Unix administration - suddenly filesystem becomes read-only?

This is Interesting: Free IT Magazines  
Home > Archive > Unix administration > October 2006 > suddenly filesystem becomes read-only?





You are viewing an archived Text-only version of the thread. To view this thread in it's original format and/or if you want to reply to this thread please [click here]

Author suddenly filesystem becomes read-only?
Troy Piggins

2006-10-03, 7:29 pm

What could cause my filesystem to become read-only?

The system uptime was around 3 weeks and running fine, then this
morning slrn crashed because of a lockfile problem. I tried to
delete it but it couldn't because read-only file. Checked the
permissions of the file and they were rw------- troy.troy.

Then had trouble starting vim, presumably because the swap files
couldn't be created. I tried to create a file in my home
directory and couldn't, got a 'read-only filesystem' error.

I restarted this morning around 7am and at least now I can do
things.

Any ideas on where to start forensics? Looked in syslog - the
last entries were around 1am and it was running a cronjob of
fetchnews (part of leafnode2).

--
Troy Piggins
,-o
o ) Ubuntu linux 6.06 http://ubuntu.com RLU#415538 http://counter.li.org
`-o uptime: 07:44:35 up 39 min,2 users,load average:0.00,0.00,0.00
Mark Hittinger

2006-10-04, 1:39 am

Troy Piggins <usenet-0610@piggo.com> writes:
>What could cause my filesystem to become read-only?
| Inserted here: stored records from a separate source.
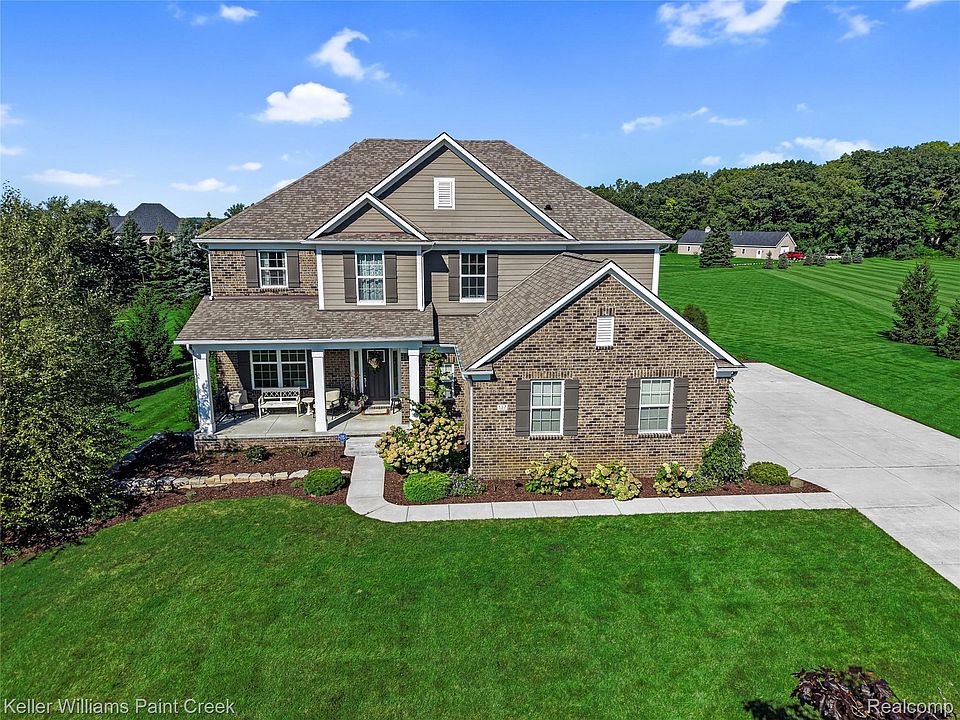 1st image of 137 Crestview Dr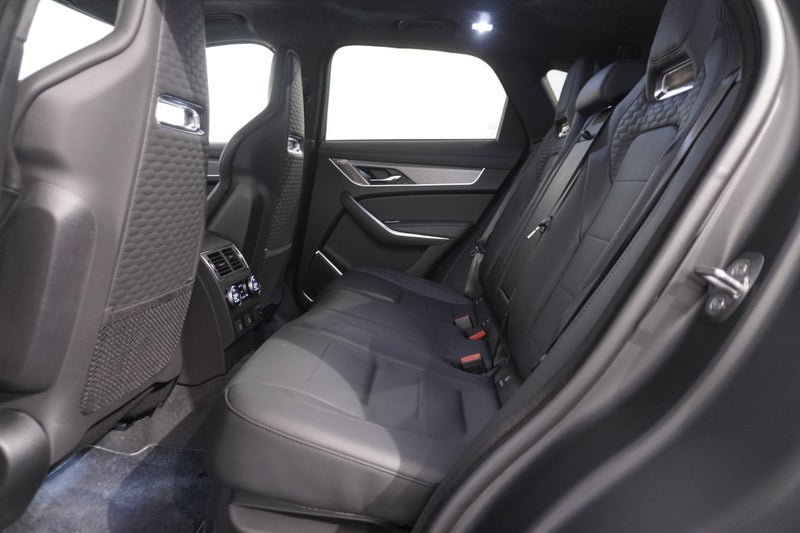 2026 Jaguar F-PACE SVR 575 Edition image 5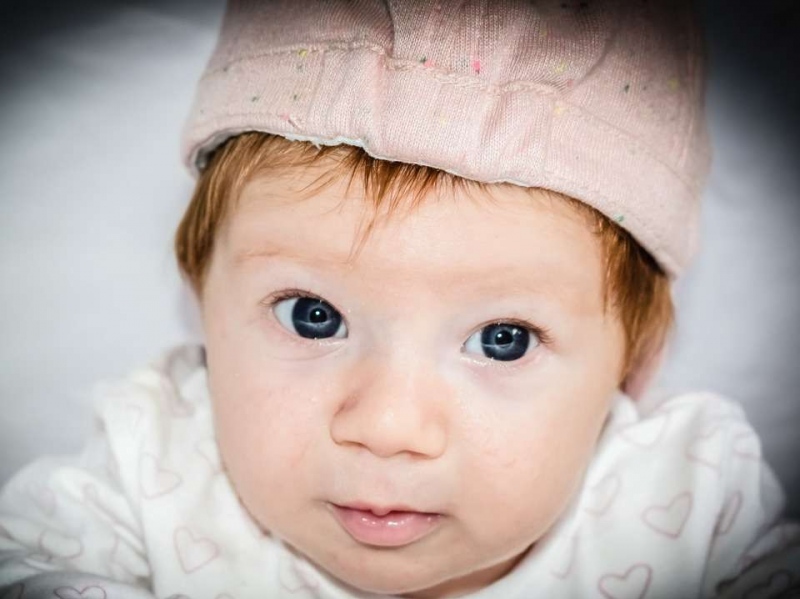 刚出生的婴儿怎么照顾新生儿不同表情是什么意思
If the operating system detected a bad spot on your hard drive it might have
changed the file system to read-only in order to preserve data.

Check /var/log/messages to see if you can find hard drive errors. grep for
'error=' might turn up something.

Later

Mark Hittinger
bugs@pu.net
Troy Piggins

2006-10-04, 1:39 am

* Mark Hittinger wrote:
> Troy Piggins <usenet-0610@piggo.com> writes:
>
> If the operating system detected a bad spot on your hard drive
> it might have changed the file system to read-only in order to
> preserve data.
>
> Check /var/log/messages to see if you can find hard drive
> errors. grep for 'error=' might turn up something.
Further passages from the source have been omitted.